#### PROBLEM DESCRIPTION
What is needed is an exact reproduction of the listing, without its pictures.

#### INFORMATION SUPPLIED
┄┄┄┄┄┄
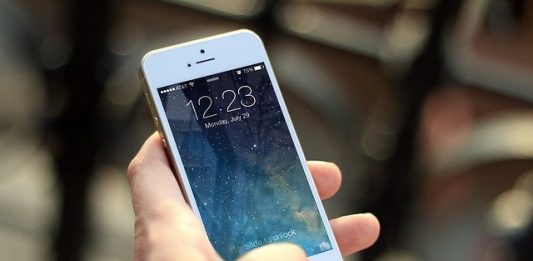 close em pessoa segurando um iphone com tela ligada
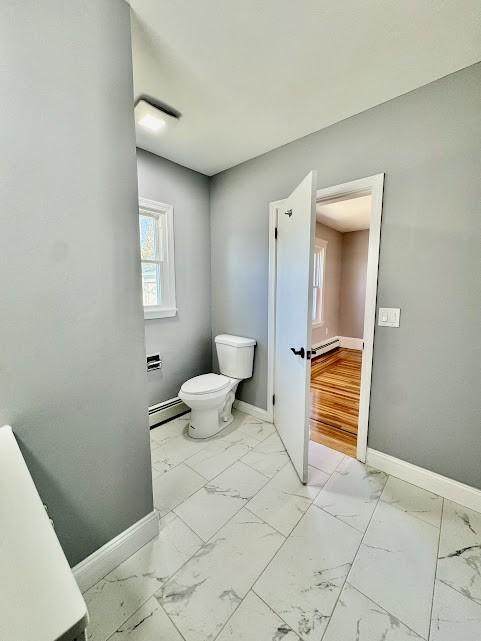 bathroom with a baseboard radiator, marble finish floor, and baseboards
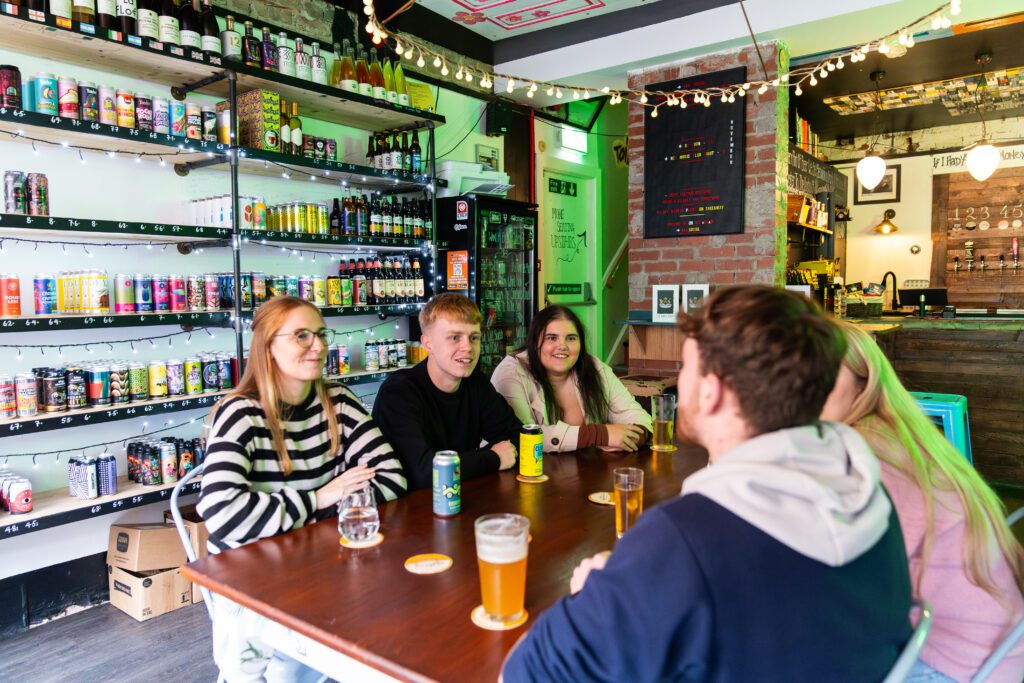 Students drinking together and socialising in local bar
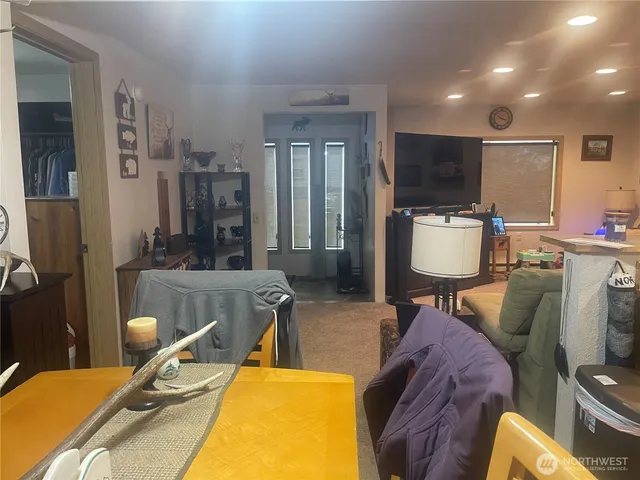 a living room with furniture a flat screen tv and kitchen view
┄┄┄┄┄┄
#### RESPONSE BELOW
 close em pessoa segurando um iphone com tela ligada
 bathroom with a baseboard radiator, marble finish floor, and baseboards
 Students drinking together and socialising in local bar
 a living room with furniture a flat screen tv and kitchen view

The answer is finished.